(Short web captions)
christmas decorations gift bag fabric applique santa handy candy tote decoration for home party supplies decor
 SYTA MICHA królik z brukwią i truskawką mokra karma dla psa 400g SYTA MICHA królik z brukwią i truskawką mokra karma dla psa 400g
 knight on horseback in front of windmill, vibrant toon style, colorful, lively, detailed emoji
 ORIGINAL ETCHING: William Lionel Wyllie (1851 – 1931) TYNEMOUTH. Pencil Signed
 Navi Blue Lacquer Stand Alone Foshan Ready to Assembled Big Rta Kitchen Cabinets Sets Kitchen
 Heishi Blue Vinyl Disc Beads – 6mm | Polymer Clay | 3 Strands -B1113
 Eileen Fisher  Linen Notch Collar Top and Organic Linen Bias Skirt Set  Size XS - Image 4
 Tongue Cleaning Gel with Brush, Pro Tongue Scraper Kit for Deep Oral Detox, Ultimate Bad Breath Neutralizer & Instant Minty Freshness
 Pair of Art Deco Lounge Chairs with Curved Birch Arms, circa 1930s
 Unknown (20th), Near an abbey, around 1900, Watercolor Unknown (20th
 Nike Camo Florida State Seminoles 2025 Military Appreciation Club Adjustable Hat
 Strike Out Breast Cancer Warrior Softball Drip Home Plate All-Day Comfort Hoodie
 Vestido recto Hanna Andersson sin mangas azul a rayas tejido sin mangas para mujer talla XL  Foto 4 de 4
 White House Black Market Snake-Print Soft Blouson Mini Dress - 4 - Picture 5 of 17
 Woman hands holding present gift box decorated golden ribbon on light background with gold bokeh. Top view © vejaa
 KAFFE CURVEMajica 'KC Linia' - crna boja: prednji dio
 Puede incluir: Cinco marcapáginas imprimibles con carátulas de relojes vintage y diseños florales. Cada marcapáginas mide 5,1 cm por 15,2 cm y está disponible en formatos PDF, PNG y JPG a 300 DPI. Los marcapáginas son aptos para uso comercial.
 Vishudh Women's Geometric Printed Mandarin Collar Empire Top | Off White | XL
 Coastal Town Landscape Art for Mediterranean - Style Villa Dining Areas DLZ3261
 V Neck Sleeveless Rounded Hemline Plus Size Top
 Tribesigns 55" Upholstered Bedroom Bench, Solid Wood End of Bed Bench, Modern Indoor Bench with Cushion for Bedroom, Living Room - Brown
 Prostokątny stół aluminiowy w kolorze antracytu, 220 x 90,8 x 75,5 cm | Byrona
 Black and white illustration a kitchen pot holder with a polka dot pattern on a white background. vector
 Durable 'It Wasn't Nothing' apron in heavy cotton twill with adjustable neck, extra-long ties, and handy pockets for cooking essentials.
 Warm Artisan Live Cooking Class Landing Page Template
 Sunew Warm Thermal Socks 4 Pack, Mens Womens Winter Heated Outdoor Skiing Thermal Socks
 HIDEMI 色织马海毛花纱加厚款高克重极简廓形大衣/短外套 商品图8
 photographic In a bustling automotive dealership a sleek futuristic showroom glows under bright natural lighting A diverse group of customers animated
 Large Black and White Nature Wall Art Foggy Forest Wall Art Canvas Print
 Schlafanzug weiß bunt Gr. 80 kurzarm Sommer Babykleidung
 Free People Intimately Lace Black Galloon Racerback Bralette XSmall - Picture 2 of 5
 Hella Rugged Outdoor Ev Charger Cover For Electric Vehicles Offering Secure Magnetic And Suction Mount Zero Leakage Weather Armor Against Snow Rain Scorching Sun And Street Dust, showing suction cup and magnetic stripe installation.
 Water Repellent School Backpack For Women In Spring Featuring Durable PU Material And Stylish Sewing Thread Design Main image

• _WHAT IS REQUIRED_: Filter the entries and copy each line with "gift".

• _EXERCISE RESULT_:
christmas decorations gift bag fabric applique santa handy candy tote decoration for home party supplies decor
 Woman hands holding present gift box decorated golden ribbon on light background with gold bokeh. Top view © vejaa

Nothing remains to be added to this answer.